Blick in die Zukunft: Führen in bewegten Organisationen

In den letzten Monaten kam eine Frage immer wieder in Gesprächen mit Personalentwicklern, Trainern und Vorgesetzten auf: Wenn sich unsere Organisation immer schneller verändert, die Mitarbeiter immer mehr Anforderungen an Führungskräfte und Organisationen stellen, Markt und Umfeld immer unvorhersehbar werden:

Welche Schritte kann die Führungsentwicklung jetzt nehmen, wo scheinbar klassische Konzepte nicht mehr greifen?

Zum Glück konnten wir bereits neuere Ansätze in verschiedenen Organisationen testen und nähern uns dem Kern immer weiter an. Dabei ist der unten stehende Text entstanden, an dem ich weiter feile. Über Feedback, Ergänzungen und Fragen würde ich mich daher sehr freuen!
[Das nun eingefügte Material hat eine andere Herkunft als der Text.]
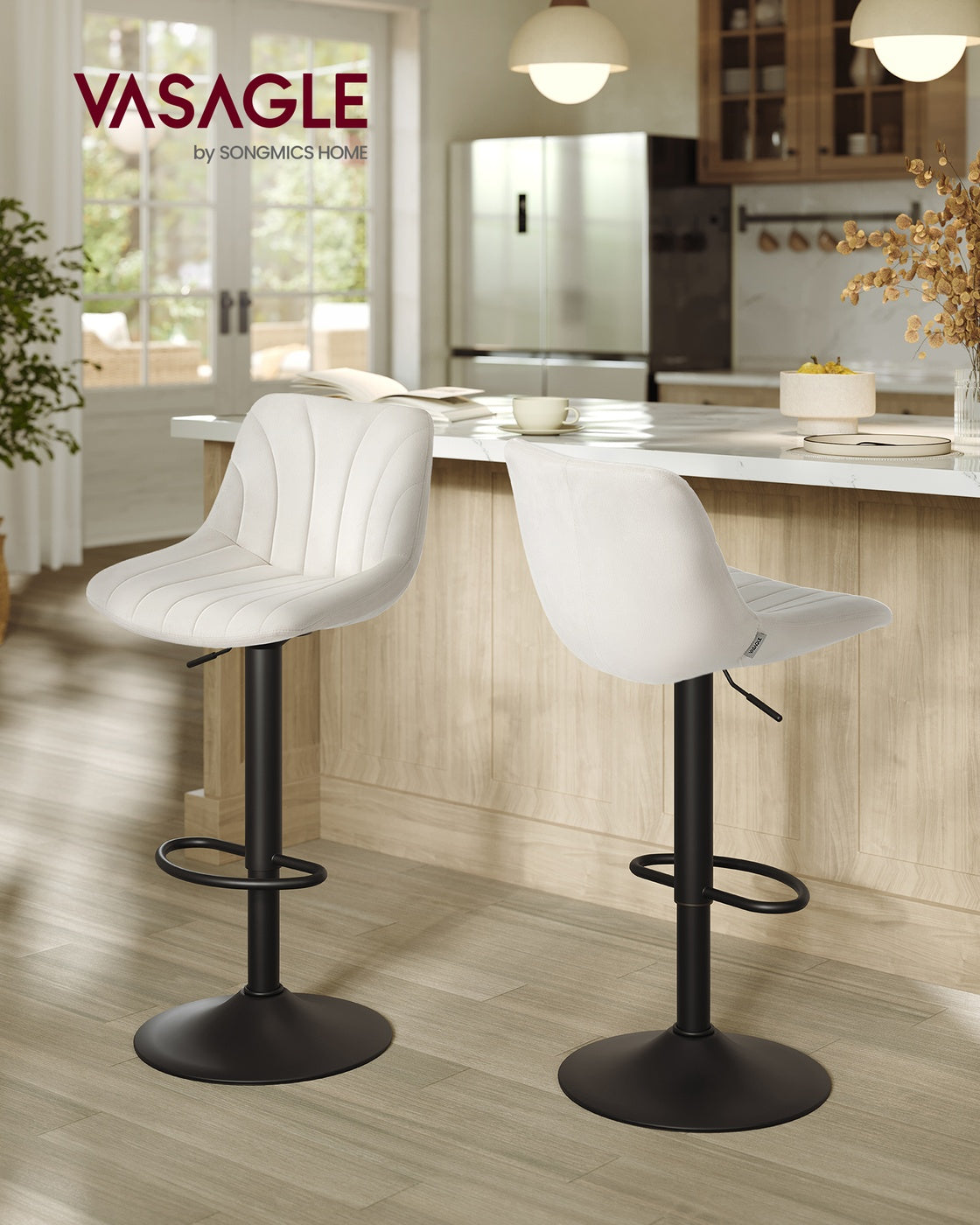 Samt-Barhocker-Set, 2er-Set – Höhenverstellbar & 360° drehbar – Mit Rückenlehne und Fußstütze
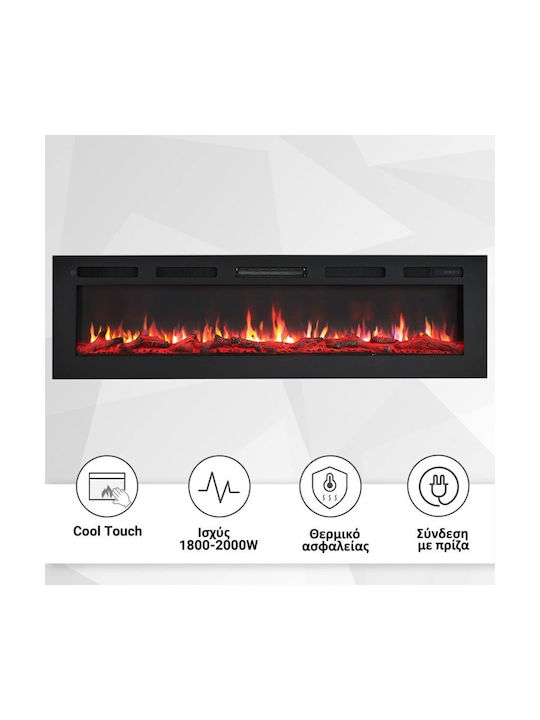 Richen Wall Mounted Electric Fireplace 900W 153x43cm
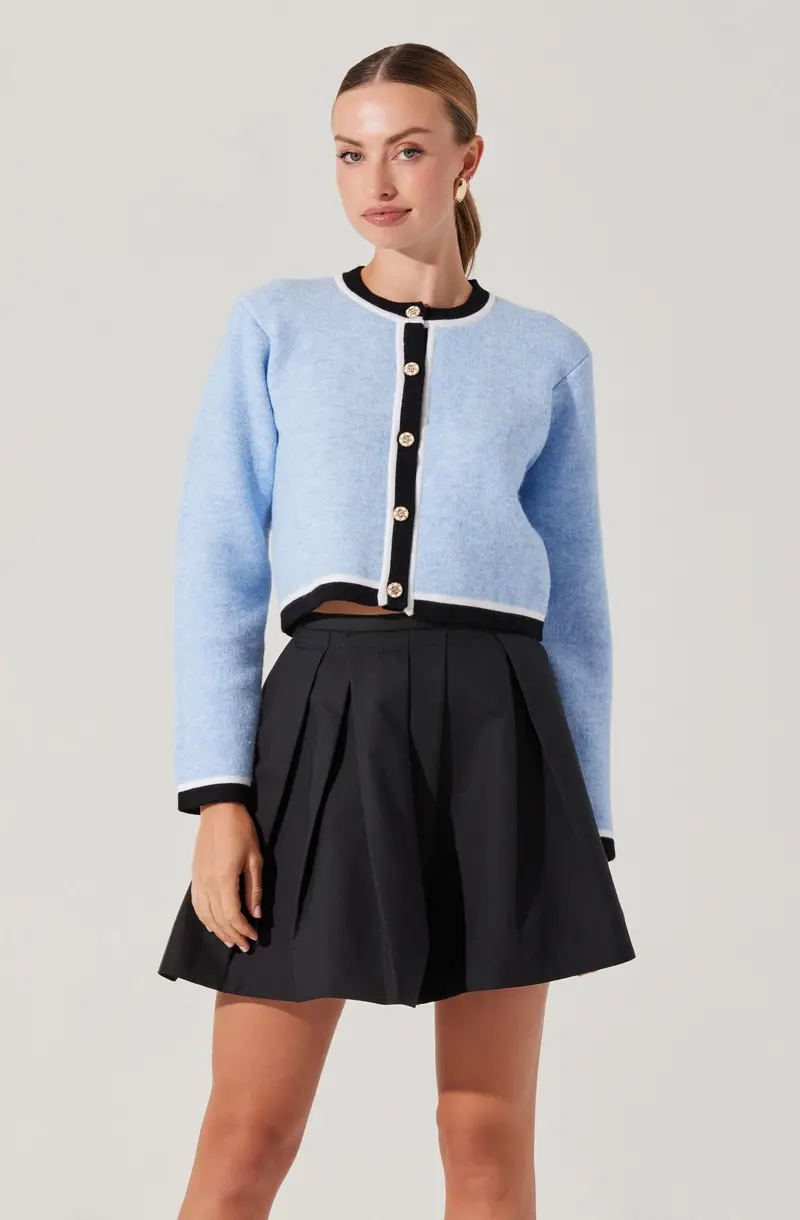 Hattie Trimmed Open-Front Cardigan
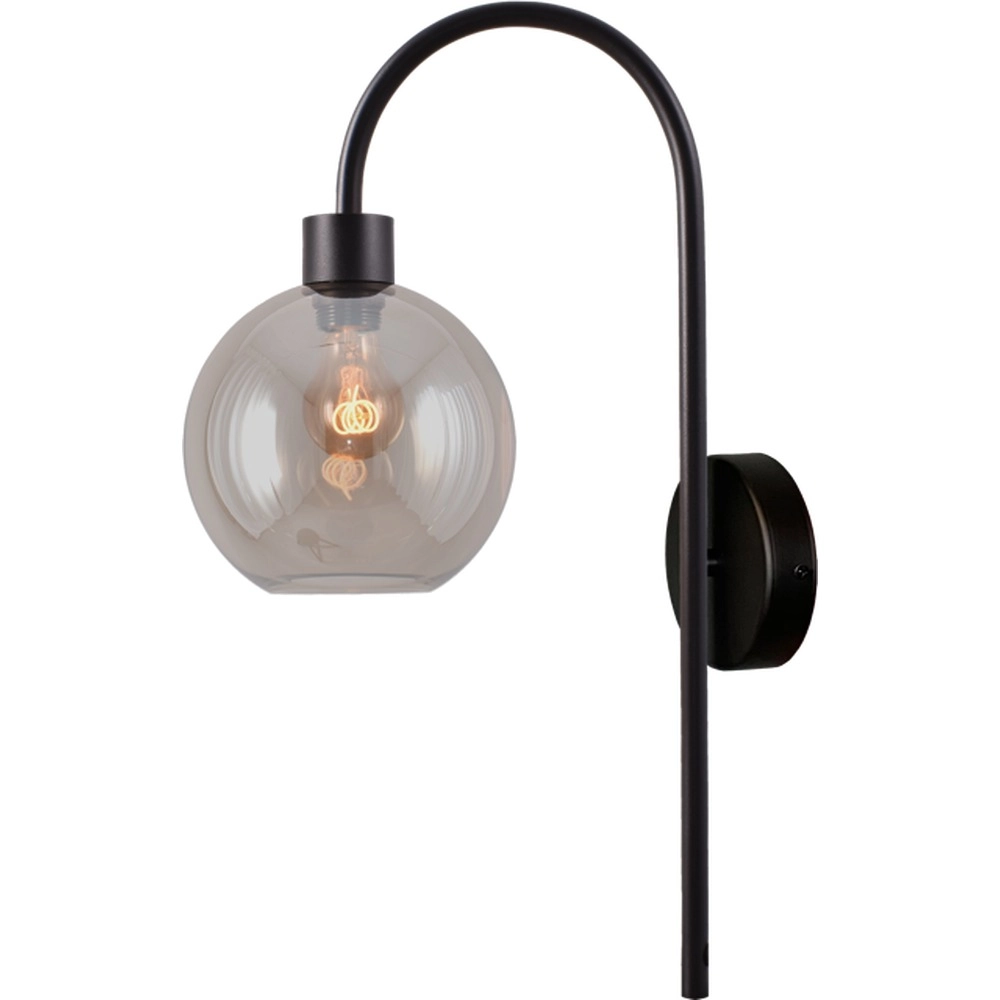 Wandlamp Lazise zwart met amber glas 61cm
Agile Führung – Einen Unterschied machen in bewegten Organisationen

Ausgangslage:

Klassische Führung(straining) stößt in der heutigen Zeit immer wieder an seine Grenzen: Instrumente wie Delegation, Mitarbeitergespräche und -bewertung sind gerade implementiert, da haben Umstrukturierungen, Veränderungen in der Matrix, in den Zielen und am Markt schon die Voraussetzungen geändert. Gerade jüngere Mitarbeiter lassen sich durch standardisierte Rituale kaum noch erreichen. Sie suchen sich Firmen, in denen sie mehr Entfaltung erleben. Führungsentwicklung soll daher Führungskräfte stärken, in unübersichtlichen, volatilen Zeiten, also zielgerichtet und flexibel zu agieren.

Ziele agiler Führungsentwicklung:

Führungskräfte entwickeln ihre Fähigkeiten in volatilen und unsicheren Zeiten agil zu führen. Statt klassischen Instrumenten und Methoden werden flexible Wege entwickelt und eingeübt als Meta-Skills. Die wichtigsten sind:

  • „Innere Führung“ – Die Basis für Führung bleibt innere Sicherheit, Flexibilität und Zielsetzung – gerade bei unklaren Rahmenbedingungen, diversen Mitarbeitern und konstanter Veränderung.
  • „Agile Delegation in der Matrix“ – Aufgabenklärung, -verteilung und -nachverfolgung in Projekt- und Matrix-Organisationen brauchen agile Instrumente und Interventionen im Führungsalltag
  • „Veränderung steuern und Teamdynamik stützen“ – Organisationsveränderungen werden alltäglich – umso mehr gilt es die Mitarbeiter anzusprechen und in ihrer Zusammenarbeit zu stärken.
  • „Gesundheit im Arbeitsalltag“ –Mitarbeiter in ihrem Wohlbefinden, ihrer Gesundheit und Leistungsfähigkeit zu stabilisieren ist möglich mit klarer, ausgewogener Führung.
  • „Einfluss und Kommunikation“ – Führung geschieht über Kommunikation, die sich immer weiter entwickeln lässt. Auch als Klassiker gehört Einfluss und Kommunikation zum Grund-Repertoire der Führung.
  • „Organisationsgespräche führen“ – Ja, auch in agilen Organisationen werden weiterhin Bewerbungs-, Zielvereinbarungs- und Entwicklungsgespräche geführt. Hier finden die Teilnehmer Wege, flexibel und zielgerichtet den Beteiligten gerecht zu werden.
  • „Augenhöhe und Motivation“ – Generation Y fordert Augenhöhe und Sinn ein – ein guter Anlass, sich über neue Wege zur Motivation und der Gestaltung von Führungsbeziehungen Gedanken zu machen.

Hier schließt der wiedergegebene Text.